Introduction
Welcome back to the second installment of the ongoing DIVI series, where we journey from Data to Impact in the world of automating mobile robots. On the public road, moving from L2 ADAS systems to hands-off, eyes-off autonomous driving applications. But also, AMRs driving in a mixed traffic warehouse and drones flying autonomously in the air.
In the previous post, I explored the definition and characteristics of ‘Data’ in this realm, focusing on the crucial role of sensor data from LIDAR, RADAR, and cameras. Today, I delve into the nuances of data capture technologies, each with unique capabilities and challenges, and consider their implications in the broader context of automation, cybersecurity, and data utilization.
Unveiling sensor technologies
LIDAR: Light Detection and Ranging, or LIDAR, has revolutionized data capture. It uses laser light to measure distances. This technology, pivotal in creating detailed environmental maps, has a significant drawback: cost.

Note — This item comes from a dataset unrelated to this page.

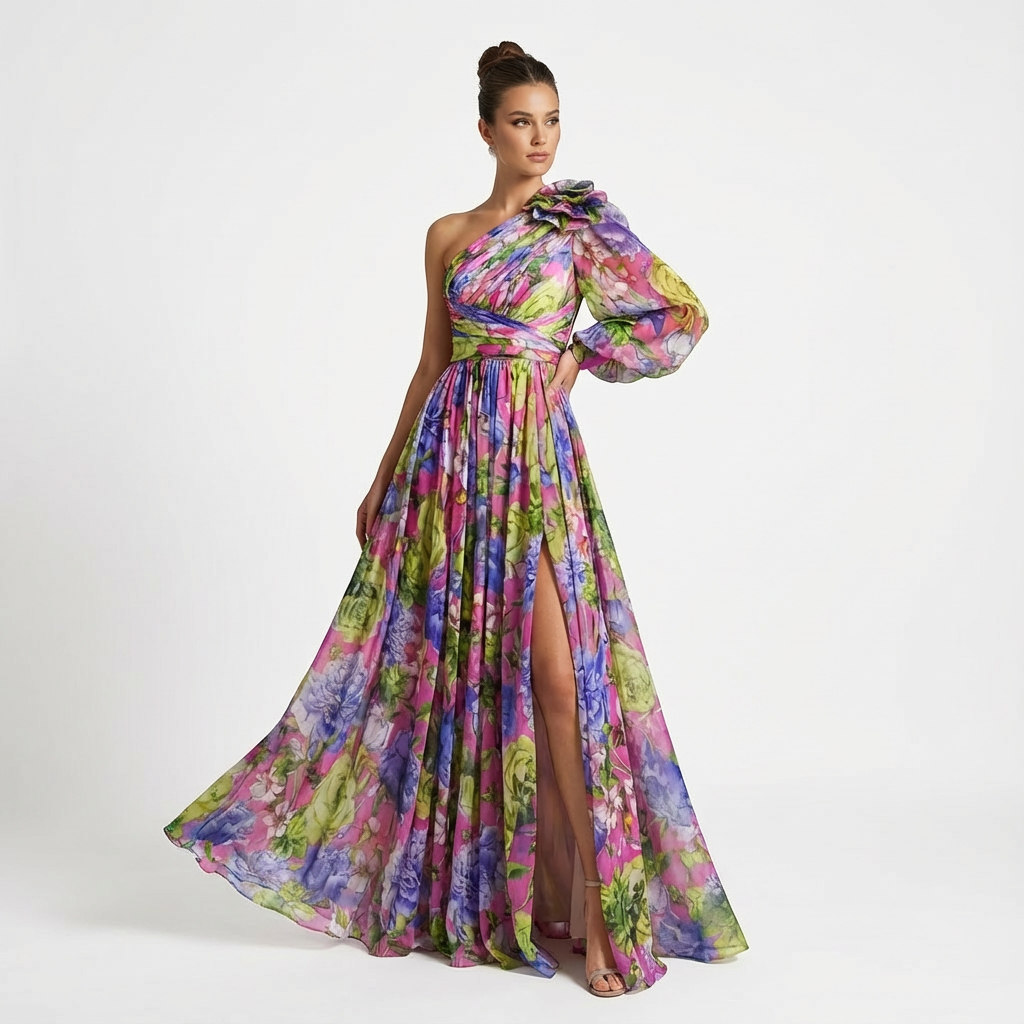 Christellea - Vestido largo floral de un solo hombro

Despite its precision, the expense of LIDAR sensors remains a barrier in widespread adoption, particularly in cost-sensitive applications.
LIDAR is not monolithic but varied, whereas you have different types. Each type serves different purposes:
- 2D vs. 3D LIDAR: 2D LIDAR, common in simpler mobile robotics, scans a single plane for obstacle detection. On forklifts and AGVs, such 2D Lidar also has been certified for safety use cases. In contrast, 3D LIDAR, though more costly, provides a comprehensive environmental map, critical in ADAS and AD applications.

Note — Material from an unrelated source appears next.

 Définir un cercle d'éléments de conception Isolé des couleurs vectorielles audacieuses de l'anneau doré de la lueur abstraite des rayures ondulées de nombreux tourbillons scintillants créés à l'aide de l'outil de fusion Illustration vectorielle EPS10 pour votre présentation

- FMCW (Frequency-Modulated Continuous-Wave) LIDAR vs. ToF (Time-of-Flight) LIDAR: FMCW LIDAR, a newer technology, excels in measuring the velocity and distance of objects, enhancing dynamic object tracking. ToF LIDAR, on the other hand, calculates distance based on the travel time of light, offering a balance of accuracy and efficiency.
RADAR: Radio Detection and Ranging, RADAR, excels where LIDAR may falter – in adverse weather conditions. Its radio waves penetrate fog, rain, and dust, ensuring reliable data capture, a critical component in aviation and maritime automation.

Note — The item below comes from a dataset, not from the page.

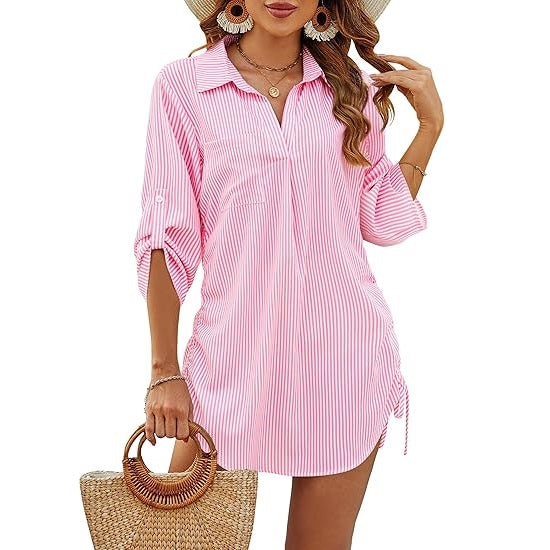 Lightweight beach cover-up shirt with drawstring waist in white striped fabric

Beyond conventional RADAR, the inclusion of mmWave and FMCW RADAR technologies provides enhanced detection capabilities, crucial in complex, rapidly changing environments. mmWave radar emerges as a game-changer with its ability to detect objects with millimeter precision. This is invaluable in applications like measuring the heart rate of a driver to fuse this with other sensor data to detect dangerous situations.
Cameras: The eyes of our automated systems. Cameras capture visual data, which, when processed through advanced computer vision algorithms, enable machines to understand and interact with their surroundings. They come in various forms:
- Monocular Cameras: These single-lens cameras are fundamental in applications like lane detection and basic object recognition, offering a cost-effective solution for simpler ADAS functionalities.
- Stereo Cameras (Including ToF Cameras): Stereo cameras, which include ToF variants, offer depth perception by mimicking human binocular vision. ToF cameras, specifically, measure the time it takes for light to bounce back from objects, providing valuable depth information.
- Infrared and 360-Degree Cameras: Infrared cameras excel in low-light conditions, while 360-degree cameras provide a comprehensive view, both essential in ensuring round-the-clock and all-around situational awareness.
- Thermal Cameras: Detect heat signatures, invaluable in conditions where standard visual cameras falter, like in smoke or fog. Also thermal cameras still carry a relatively high price tag.
Ultrasonic Sensors: Widely used in parking assistance systems, they’re excellent for short-range detection and are relatively inexpensive.
Case study: imagine an advanced driver-assistance system (ADAS) combining these technologies. LIDAR maps the road, RADAR provides detailed object detection, and various cameras offer a composite view of the vehicle’s surroundings, each complementing the others to create a robust data capture system.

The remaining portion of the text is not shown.